** Dataset records follows **
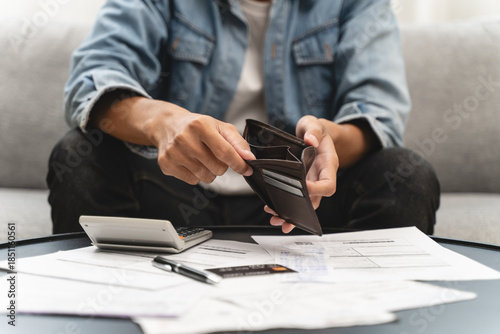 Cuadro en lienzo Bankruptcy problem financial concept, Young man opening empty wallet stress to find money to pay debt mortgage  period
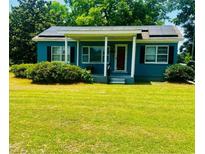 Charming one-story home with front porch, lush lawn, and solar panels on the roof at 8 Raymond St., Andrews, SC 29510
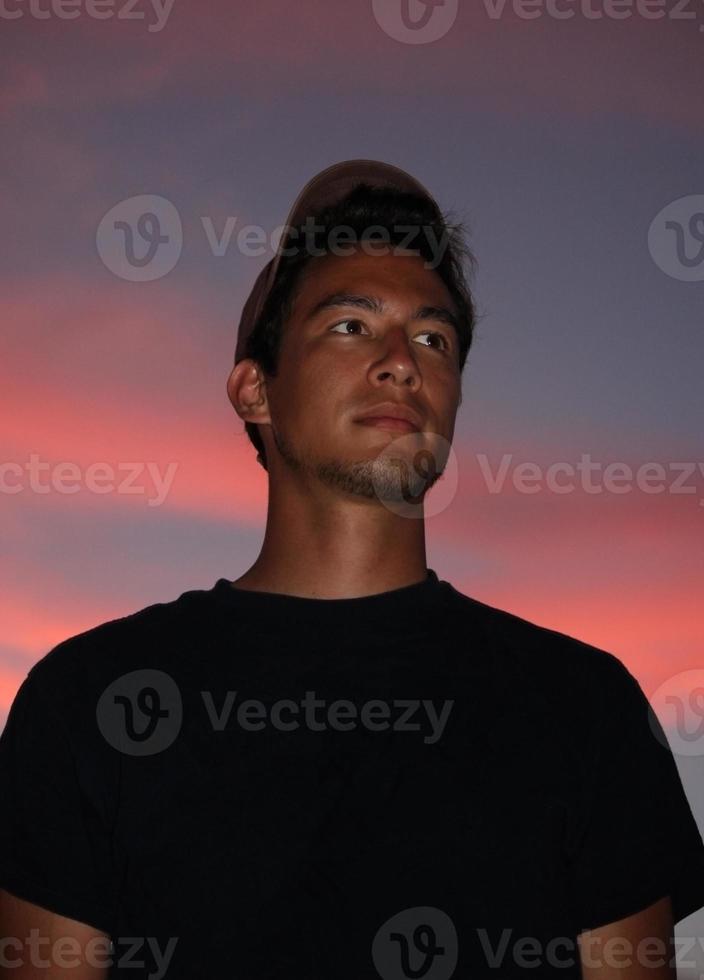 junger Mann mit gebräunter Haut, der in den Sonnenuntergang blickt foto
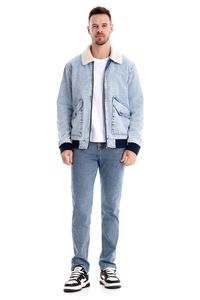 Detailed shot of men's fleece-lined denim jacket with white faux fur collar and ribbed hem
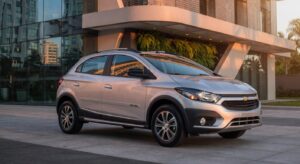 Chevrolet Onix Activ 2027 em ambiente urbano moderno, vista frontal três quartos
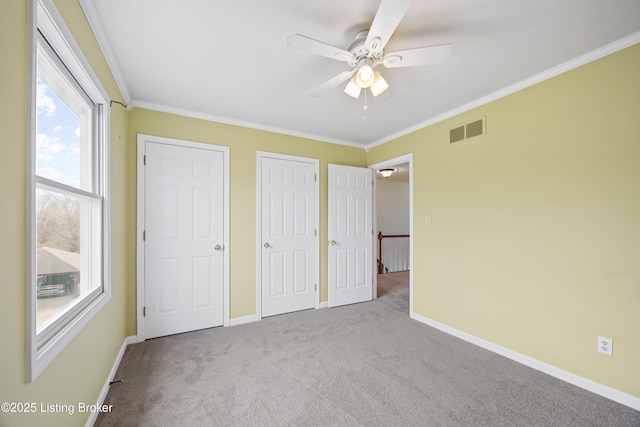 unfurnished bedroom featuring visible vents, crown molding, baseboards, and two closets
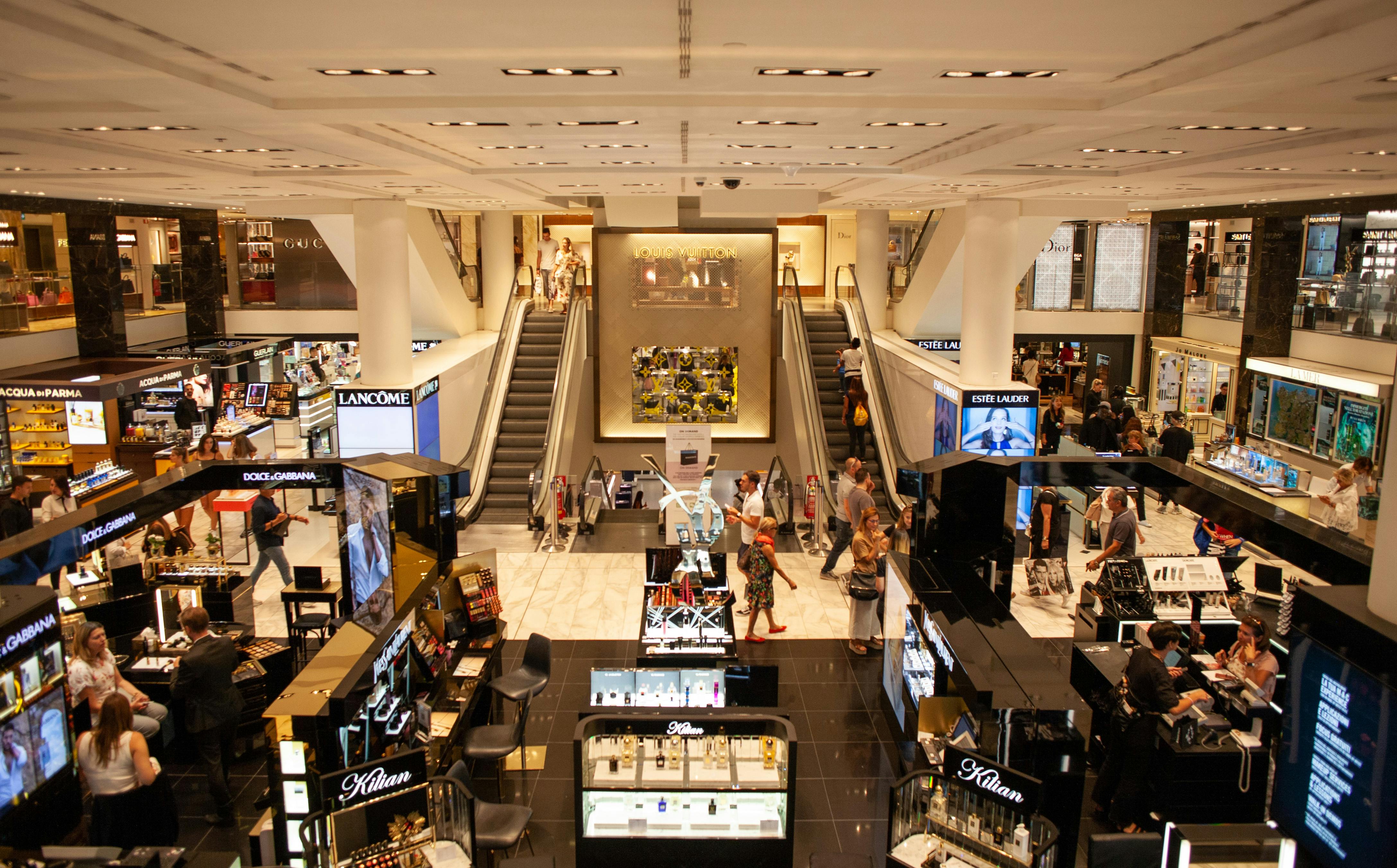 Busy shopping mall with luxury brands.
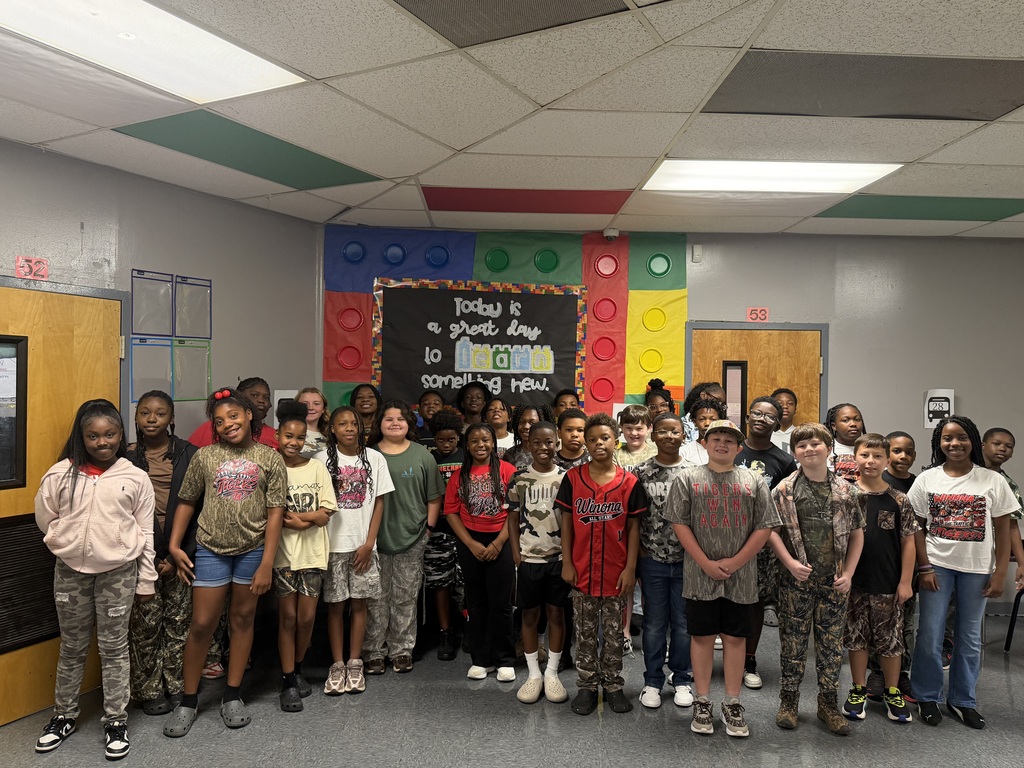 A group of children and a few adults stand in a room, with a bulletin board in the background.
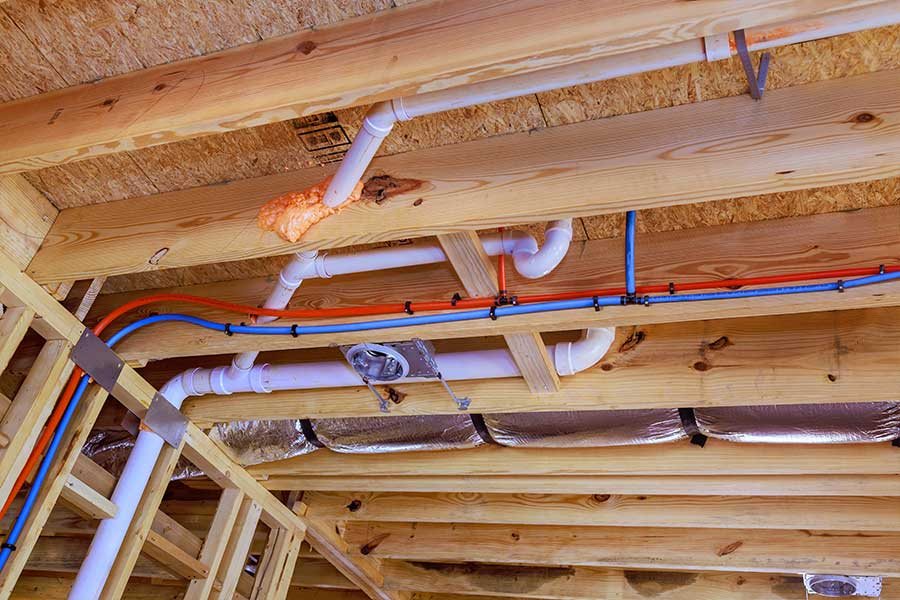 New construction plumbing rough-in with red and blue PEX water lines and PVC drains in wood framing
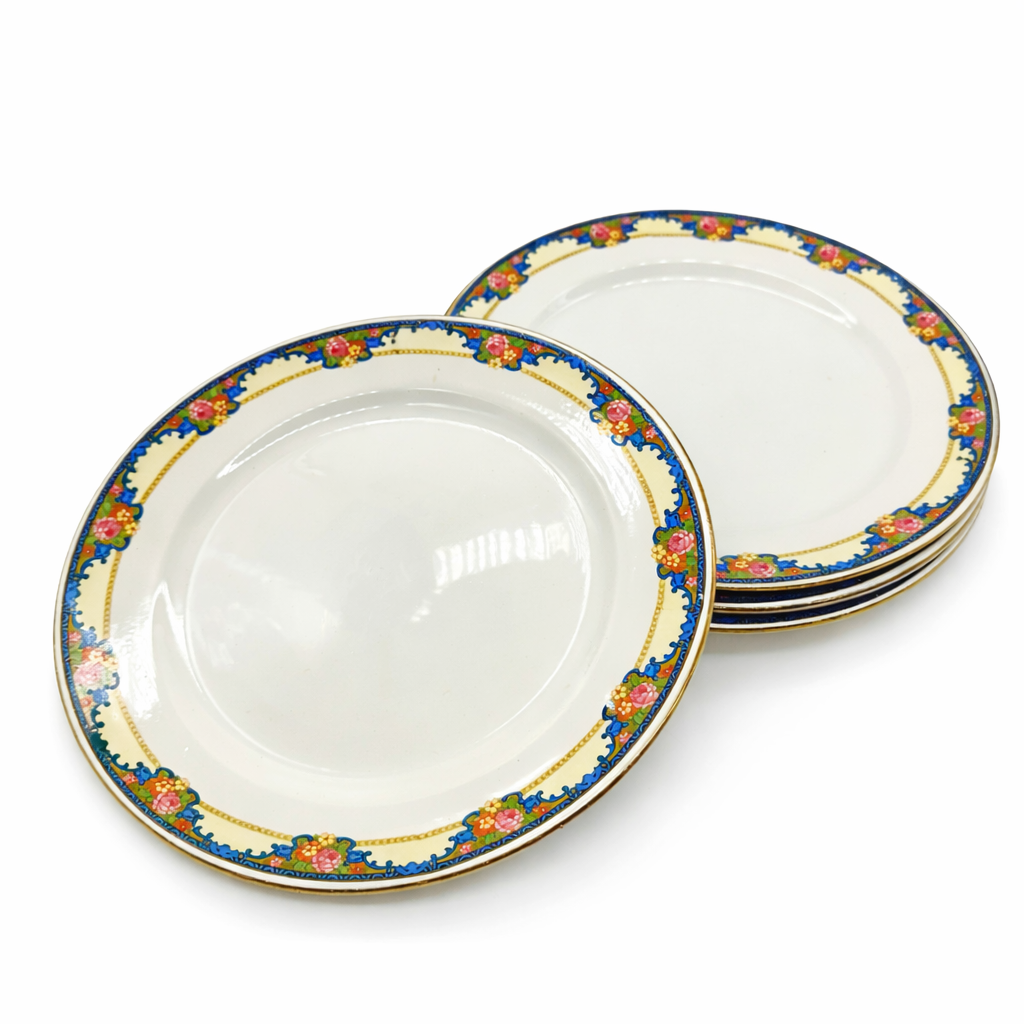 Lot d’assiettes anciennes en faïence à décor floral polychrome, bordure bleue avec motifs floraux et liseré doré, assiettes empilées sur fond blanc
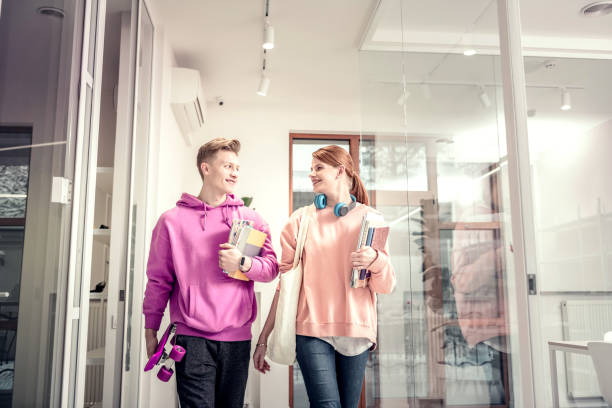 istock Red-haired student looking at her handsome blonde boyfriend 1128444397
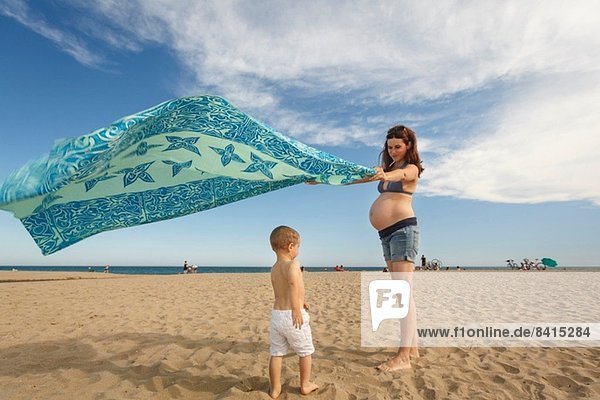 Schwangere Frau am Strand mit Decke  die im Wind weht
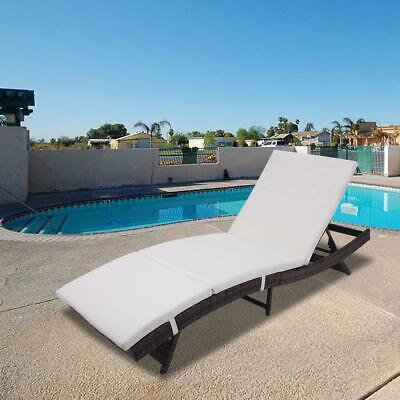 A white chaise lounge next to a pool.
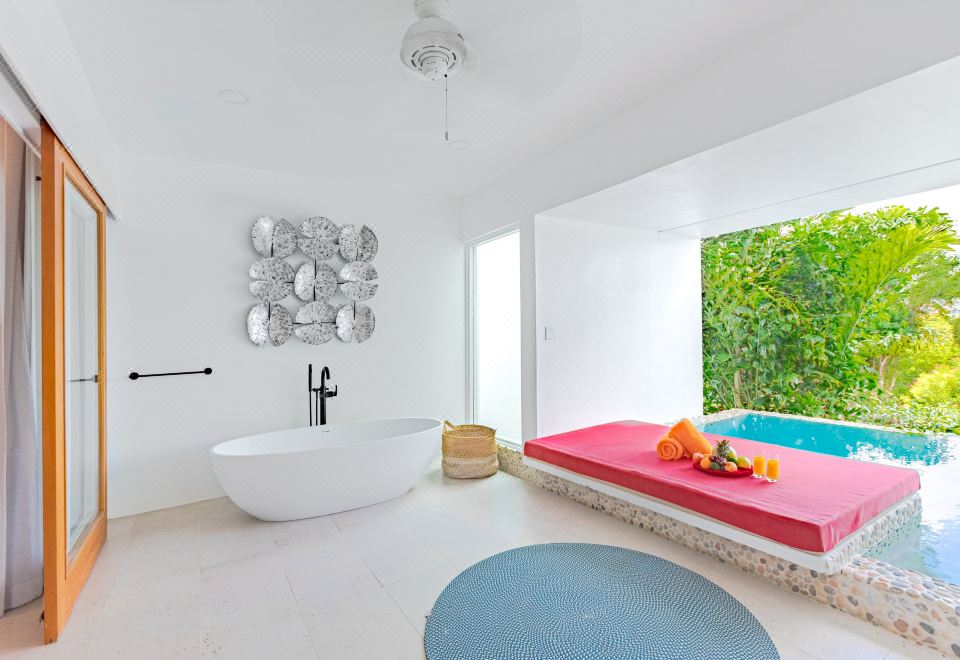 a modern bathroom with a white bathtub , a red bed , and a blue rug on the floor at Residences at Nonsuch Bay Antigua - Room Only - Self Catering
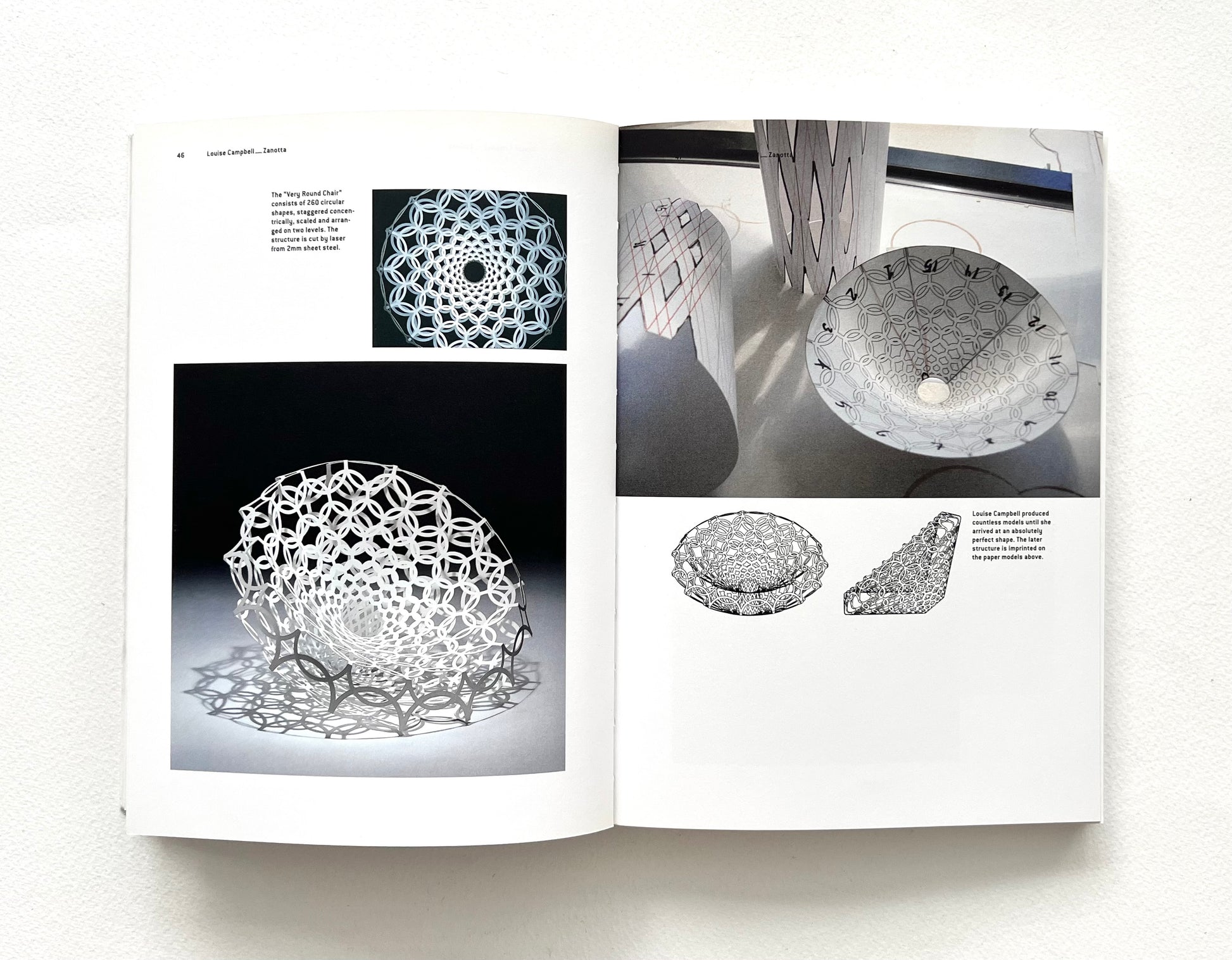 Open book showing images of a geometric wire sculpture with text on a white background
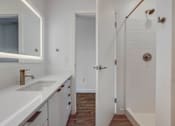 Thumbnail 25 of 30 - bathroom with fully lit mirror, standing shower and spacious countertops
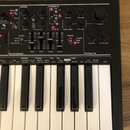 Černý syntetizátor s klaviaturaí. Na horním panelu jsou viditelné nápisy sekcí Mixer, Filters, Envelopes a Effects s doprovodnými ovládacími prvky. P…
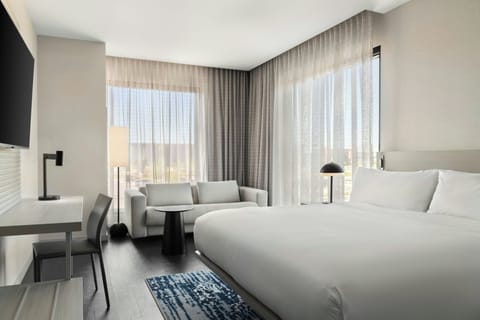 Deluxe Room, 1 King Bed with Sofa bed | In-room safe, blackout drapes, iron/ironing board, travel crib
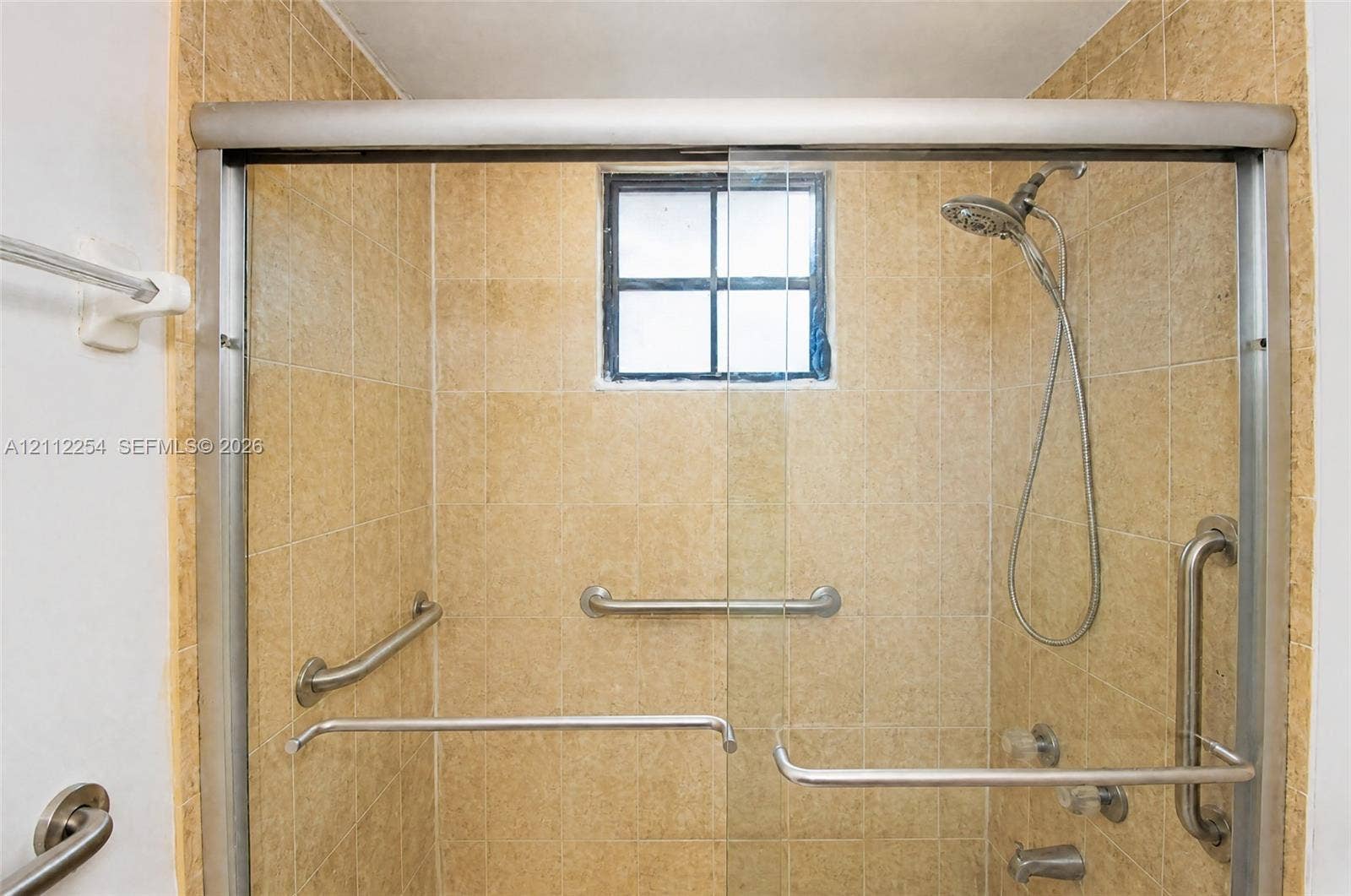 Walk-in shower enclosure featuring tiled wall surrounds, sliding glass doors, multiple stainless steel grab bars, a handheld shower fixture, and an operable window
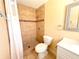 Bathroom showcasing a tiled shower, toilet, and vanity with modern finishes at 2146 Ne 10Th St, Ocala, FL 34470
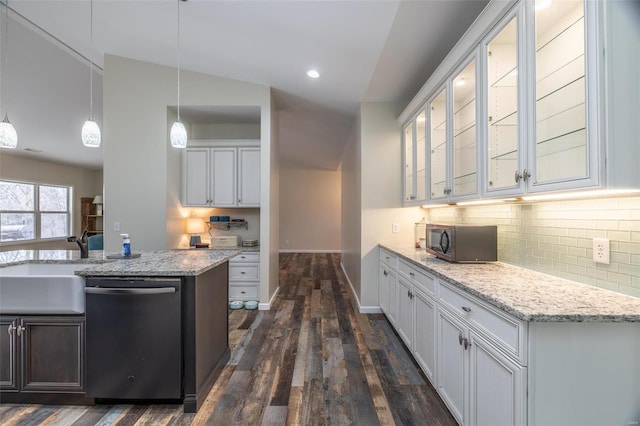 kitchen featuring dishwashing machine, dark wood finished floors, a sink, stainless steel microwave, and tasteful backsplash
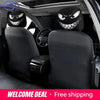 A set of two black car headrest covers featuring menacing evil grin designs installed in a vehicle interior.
** End of Dataset records **
Exercise =>
Each line from the one containing "Černý syntetizátor s" through the final line of the data must be reproduced exactly, both ends included, with no pictures in the copy.

Exercise solution =>
 Černý syntetizátor s klaviaturaí. Na horním panelu jsou viditelné nápisy sekcí Mixer, Filters, Envelopes a Effects s doprovodnými ovládacími prvky. P…
 Deluxe Room, 1 King Bed with Sofa bed | In-room safe, blackout drapes, iron/ironing board, travel crib
 Walk-in shower enclosure featuring tiled wall surrounds, sliding glass doors, multiple stainless steel grab bars, a handheld shower fixture, and an operable window
 Bathroom showcasing a tiled shower, toilet, and vanity with modern finishes at 2146 Ne 10Th St, Ocala, FL 34470
 kitchen featuring dishwashing machine, dark wood finished floors, a sink, stainless steel microwave, and tasteful backsplash
 A set of two black car headrest covers featuring menacing evil grin designs installed in a vehicle interior.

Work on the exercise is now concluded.